The Reason 2026 Will Be a Year Like No Other for the Indian Solar Observation Mission
Regarding India's first solar observatory, 2026 is expected to be like no other.
This marks the initial occasion the spacecraft – that entered in orbit recently – can watch our star during the peak of its solar cycle.
According to research, this occurs roughly once every 11 years when the Sun's magnetic poles flip – the Earth equivalent could be the North and South poles swapping positions.
It's a time of great turbulence. It sees the Sun transition from calm to stormy and features a huge increase in the number of solar eruptions and massive solar flares – massive bubbles of plasma that erupt from the solar corona.
Made up of charged particles, a coronal mass ejection may have a mass of billions of tons and reach a speed of up to 3,000km each second. It can head out toward various directions, including towards the Earth. At top speed, the journey takes an ejection about half a day to cover the 150 million km between Earth and the Sun.
"During typical or quiet periods, the Sun emits a few solar eruptions a day," says a leading scientist. "In 2026, we expect them to be over ten each day."
Studying CMEs ranks among the most important scientific objectives of India's maiden solar mission. One, because the ejections provide an opportunity to study the star in the center of our solar system, and secondly, because activities that take place on the solar surface threaten systems on Earth and in orbit.
Impacts on Our Planet and Space Infrastructure
CMEs seldom present a direct threat to human life, yet they impact life on Earth through generating geomagnetic storms that impact the weather in near space, where nearly thousands of spacecraft, including Indian satellites, orbit.
"The most beautiful displays of a CME include northern lights, being direct evidence that charged particles from our star are travelling toward our planet," the expert explains.
"But they can also cause electronic systems on a satellite fail, disable electrical networks and affect meteorological and telecom spacecraft."
Historical Solar Incidents
- The strongest solar event in history occurred during the Carrington Event which knocked out communication systems across the globe
- During 1989, sections of Quebec's power grid failed, affecting six million people without power for hours
- During late 2015, solar storms disrupted flight operations, leading to chaos across Scandinavia and various European airports
- Recently in 2022, a CME had led to dozens of spacecraft failing
If we are able to observe events in the solar atmosphere and detect a solar storm or solar eruption in real time, record its temperature at the source and watch its trajectory, this serves as advanced warning to shut down electrical systems and satellites redirecting them out of harm's way.
The Mission's Special Capability
There are other solar missions watching our star, Aditya-L1 holds an edge over others regarding studying the solar atmosphere.
"The instrument has perfect dimensions enabling it to nearly mimic the Moon, fully covering the solar disk and allowing it an uninterrupted view of nearly the entire solar atmosphere around the clock, throughout the year, including during solar events," says the expert.
Essentially, this instrument functions as a synthetic eclipse, blocking the solar glare to let scientists constantly study the dim solar atmosphere – a feat the real Moon provide only during specific moments.
Moreover, it's unique that can study eruptions in visible light, enabling it to measure a CME's temperature and heat energy – crucial data indicating how strong a CME would be when traveling our direction.
Readiness for Peak Period
In preparation for next year's solar maximum, scientists collaborated analyzing information gathered from a major solar eruption recorded by the mission has observed recently.
This event began on 13 September 2024 during early hours.

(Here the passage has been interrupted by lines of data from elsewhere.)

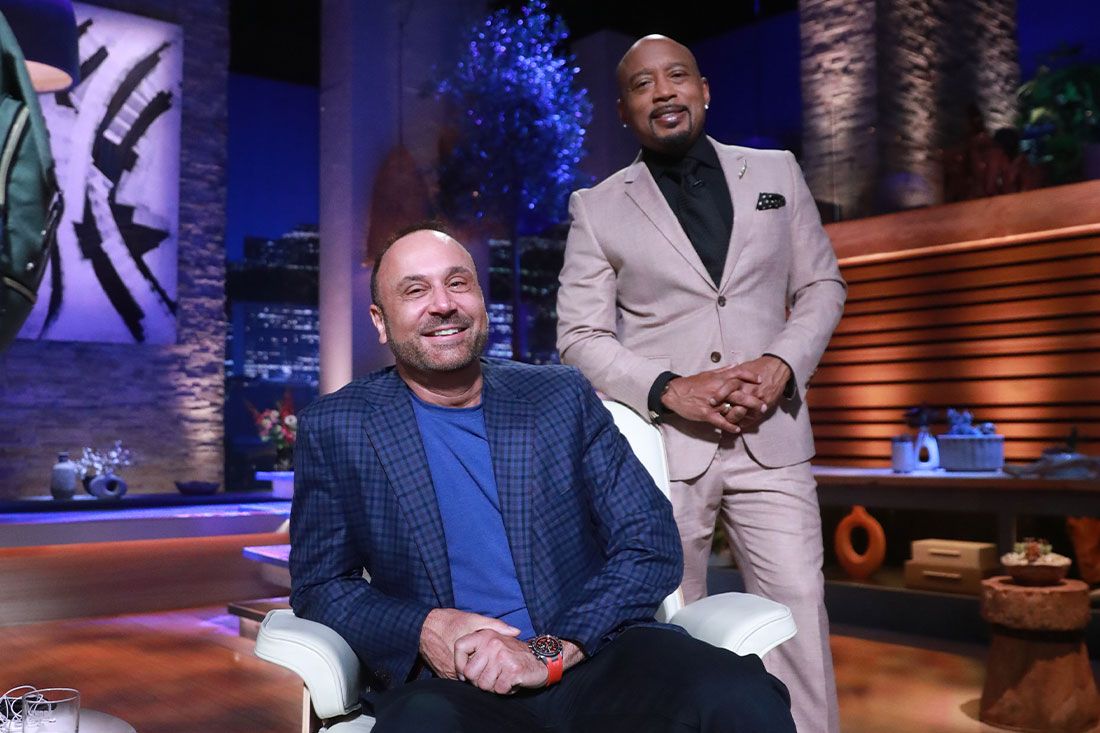 Matt Ebert seated in a blue jacket beside entrepreneur Daymond John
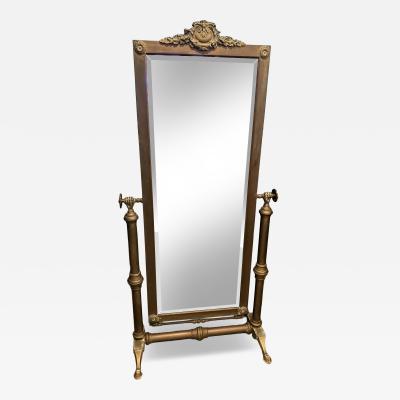 EXCEPTIONAL ANTIQUE BRASS DRESSING MIRROR WITH HAND ACCENTS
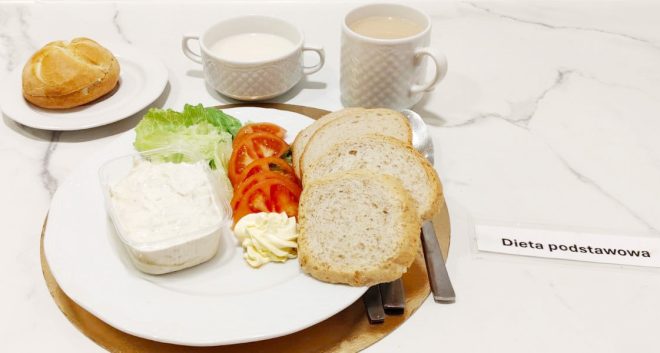 Śniadanie w diecie podstawowej podane na białym talerzu ustawionym na złotej podkładce. Na talerzu znajdują się trzy kromki pieczywa pszennego, plasterki pomidora, liście sałaty, porcja masła oraz miseczka z twarożkiem. W głębi stoją dwie filiżanki: jedna z mlekiem, druga z kawą z mlekiem. Obok na oddzielnym talerzyku leży bułka kajzerka. Po prawej stronie widoczna jest karteczka z napisem „Dieta podstawowa”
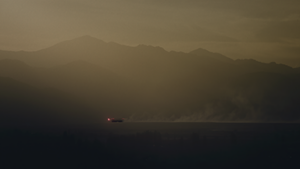 A hazy scene of distant mountains and a building with red lights and smoke coming off it.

The eruption's weight was 270 million tonnes – the iceberg that struck the ship was 1.5 million tonnes.
Initially, its temperature was 1.8 million degrees Celsius and the energy content comparable to 2.2 million megatons of TNT – relative to the atomic bombs on Hiroshima and Nagasaki were much smaller in scale each.
Although the numbers seem incredibly large, the expert describes it as a "medium-sized" one.
The asteroid that eliminated prehistoric life on our planet was 100 million megatons and when the Sun's maximum activity cycle, there may be CMEs carrying power matching greater levels.
"In my view the CME we analyzed to have occurred during periods was in the normal activity phase. Now this sets the standard that we'll be using assessing what is in store during solar maximum occurs," he states.
"The learnings from this will assist in work out the countermeasures to be adopted safeguarding spacecraft in orbit. Additionally, they'll aid us gain deeper knowledge of our space environment," he adds.